Monday, August 20, 2012

Should We Pin the Yin? Part II

Talking to colleagues about teaching is like spontaneous professional development sessions.  I love to hear what they say.  How their ideas inspire me to develop my own teaching techniques and classroom activities!  

It all started as a textbook discussion.  Then, the thing that plagues a lot of us came up:  Should we pin the yin, when and how?  My colleague spends a considerable amount of time on pinyin before introducing characters when she teaches high school students; but start both at the same time with the younger students (middle grades, elementary).
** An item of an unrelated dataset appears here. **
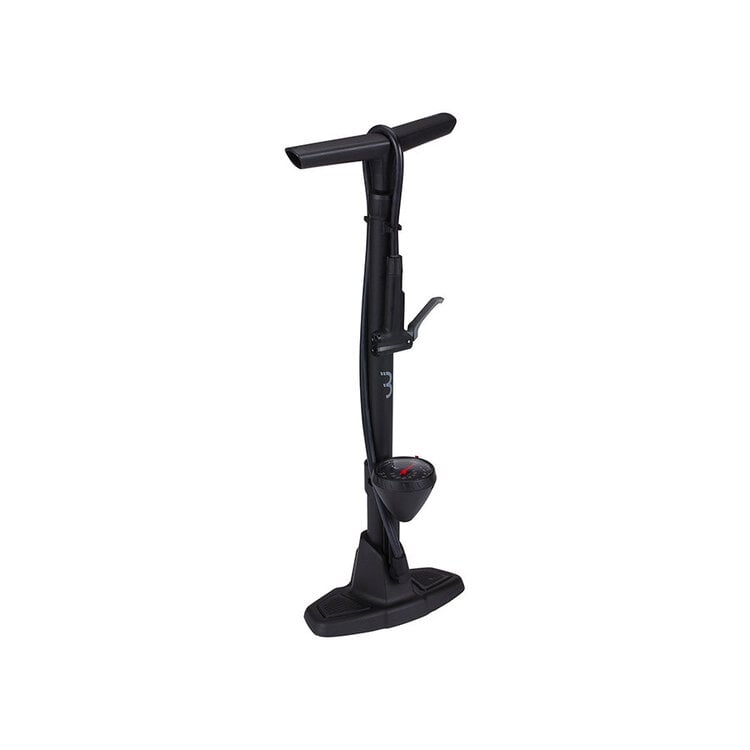 BBB Cycling BBB Cycling, BFP-20 Airwave, Floor Pump, Dual Valve Head, 130psi, Black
She noticed that when she teaches pinyin and introduced characters at the same time, her students do not learn their pinyin and tones quite as well.  However, she shared a great activity which seemed to help her students with pinyin and kept up their interest level -- she used all the 'problematic' pinyin in an interesting dialogue and had students act it out. 

Last year, for my non-heritage students at NHCLS, I taught mostly by sound (listening and speaking), and added some simple characters for the kids to start appreciating this different writing system.  I wanted them to be familiar with the sounds, and be able to learn the pronunciation like native kids, before teaching them how to pinyin.  We spent one whole year without pinyin.  

Now, in their second year, I am going to put my pilot class to test and see if they really will learn pinyin in a flash.  They will get their dialogue in pinyin, and they will already understand a big part of it.  This is very exciting.  The new school year is when we put all our planning to work.  Test your hypothesis!

Thursday, August 9, 2012

Revitalize Thy School!

Chinese schools as we know them, are heritage schools which cater to students whose parents are from a Chinese-speaking part of the world.  In our case, Taiwan.  As Taiwanese immigration into the New Haven area slows in the past years, we no longer have a robust population of Taiwanese families who are looking to send their children to heritage schools.  With no advertisement nor additional promotion in any form, we were lucky to still exist thanks to all the loyal families who still send the babies of their families to our school.

This June, with a colleague from the school, we called a meeting inviting parents and teachers who are returning, to put their heads together to find a way that will enable the survival of our heritage school.  Majority of the attending parents have kids in my class (the only language class for the non-heritage speakers).  It seems obvious that we need to open up our heritage school to the non-native Chinese-speaking population.  With my colleague and I who teach in mainstream schools, it's a no-brainer that we should welcome and include the non-native population, and develop a curriculum for this track.

On promoting the school, the parents really came through when we were putting out flyers, bouncing emails around for ideas, deciding on administrative procedures, and a teacher who's no longer with us also helped out in a huge way.  I was so impressed with everybody.  Their enthusiasm for their children's Chinese language education is what keeps me going at that school.

Go New Haven Chinese Language School!  Go NHCLS!